The announcement comes nearly three weeks before its debt moratorium expires on May 24, and ahead of a pivotal High Court hearing on May 7 on whether a group of seven unsecured banks, which collectively hold $648.7 million of debt, can be granted permission to start an action for judicial management.
If a carve-out is approved, these banks plan to file applications for Hyflux and Hydrochem Singapore to be placed under judicial management, and replace the current Hyflux management.
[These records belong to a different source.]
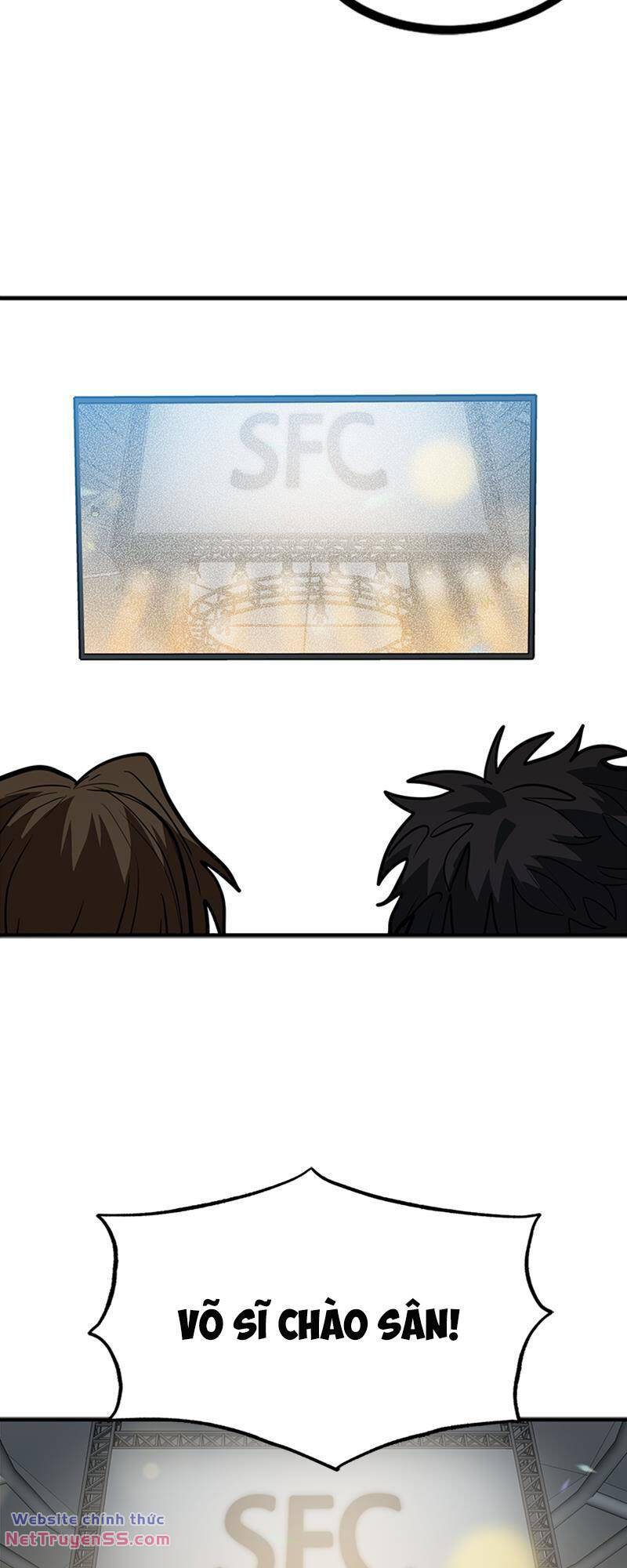 Vua Võ Đài Chap 37 - Next Chap 38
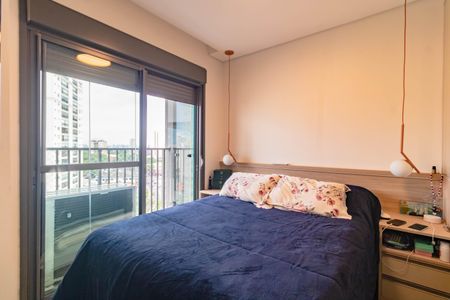 Apartamento à venda com 2 quartos, 75m² em Vila Mascote, São Paulo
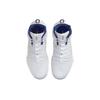 New Nike Hyperdunk X EP 'White Regency Purple' DZ2775-151
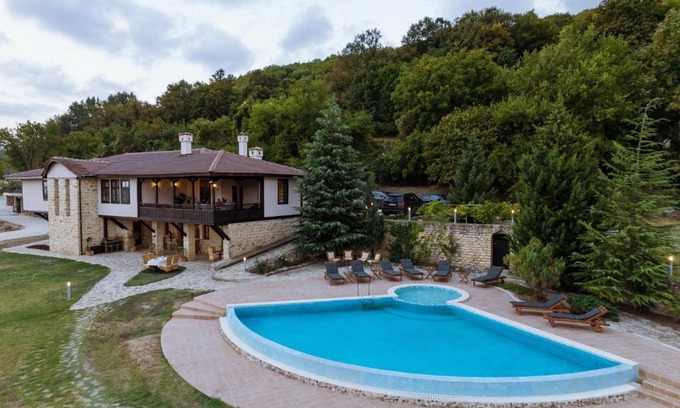 Smyadovo Hotel | Carpe Diem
These applications will be heard on May 13.
In a bid to buy time, Hyflux had announced on April 25 - just an hour before its High Court hearing to extend its debt moratorium - that it received a non-binding letter of intent for a possible $400 million injection from an owner and developer of water and power utilities based in the Middle East.
Late on Friday, Hyflux announced that its legal and financial advisers are in active discussions with Utico’s legal and financial advisers on the terms of Utico’s investment, to be set out in a binding term sheet for execution.
Utico has informed Hyflux that it is "aware of the urgency of the restructuring", and that it intends to invest in the group and help preserve its key entities so that they remain intact and operational, Hyflux said.
The UAE utilities group - whose shareholders and investors include sovereign institutions of the governments of Oman, Saudi Arabia, Bahrain and Brunei - plans to retain Hyflux’s current management; and "reach an amicable deal with the group’s creditors and investors".
The High Court on April 25 allowed Hyflux and its three subsidiaries reprieve until May 24 from their creditors as the company works on two possible plans to avoid liquidation.
If an acceptable strategic investment is not achieved, Hyflux founder Olivia Lum has proposed a second plan involving ongoing projects and assets to be transferred to a special-purpose vehicle (SPV) to be wholly owned by Hyflux.
Hyflux on Friday said it is also in concurrent discussions with several other parties interested in investing in its business.